* REQUIRED ACTION: Go to the line in the entries below that holds "Full length of" and repeat exactly from there through the line that holds "Trzydrzwiowa szafa wnękowa", inclusive.

* INPUT DATA:

· · · ·

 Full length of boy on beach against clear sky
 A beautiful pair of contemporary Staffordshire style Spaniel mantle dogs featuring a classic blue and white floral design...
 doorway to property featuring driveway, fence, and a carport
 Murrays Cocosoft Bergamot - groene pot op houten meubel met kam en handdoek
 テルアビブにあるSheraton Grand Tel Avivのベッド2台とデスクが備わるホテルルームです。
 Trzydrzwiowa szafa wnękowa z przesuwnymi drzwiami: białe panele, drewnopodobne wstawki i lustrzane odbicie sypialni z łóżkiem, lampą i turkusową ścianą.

· · · ·

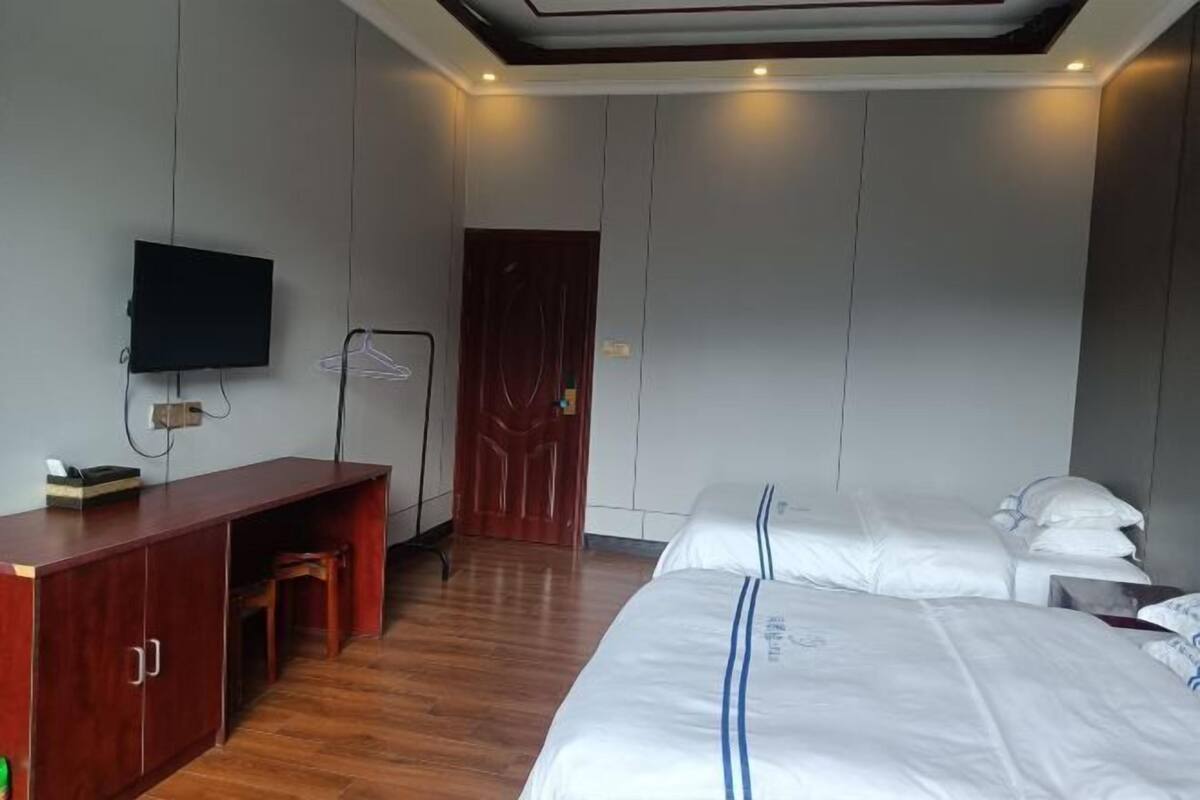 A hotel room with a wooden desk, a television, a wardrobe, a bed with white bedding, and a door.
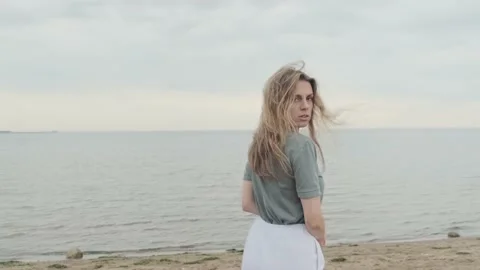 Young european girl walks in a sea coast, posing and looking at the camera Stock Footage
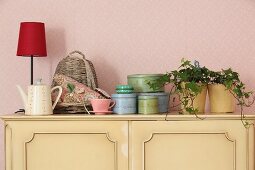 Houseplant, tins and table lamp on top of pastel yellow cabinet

· · · ·

* SOLUTION TO THIS PROBLEM:
 Full length of boy on beach against clear sky
 A beautiful pair of contemporary Staffordshire style Spaniel mantle dogs featuring a classic blue and white floral design...
 doorway to property featuring driveway, fence, and a carport
 Murrays Cocosoft Bergamot - groene pot op houten meubel met kam en handdoek
 テルアビブにあるSheraton Grand Tel Avivのベッド2台とデスクが備わるホテルルームです。
 Trzydrzwiowa szafa wnękowa z przesuwnymi drzwiami: białe panele, drewnopodobne wstawki i lustrzane odbicie sypialni z łóżkiem, lampą i turkusową ścianą.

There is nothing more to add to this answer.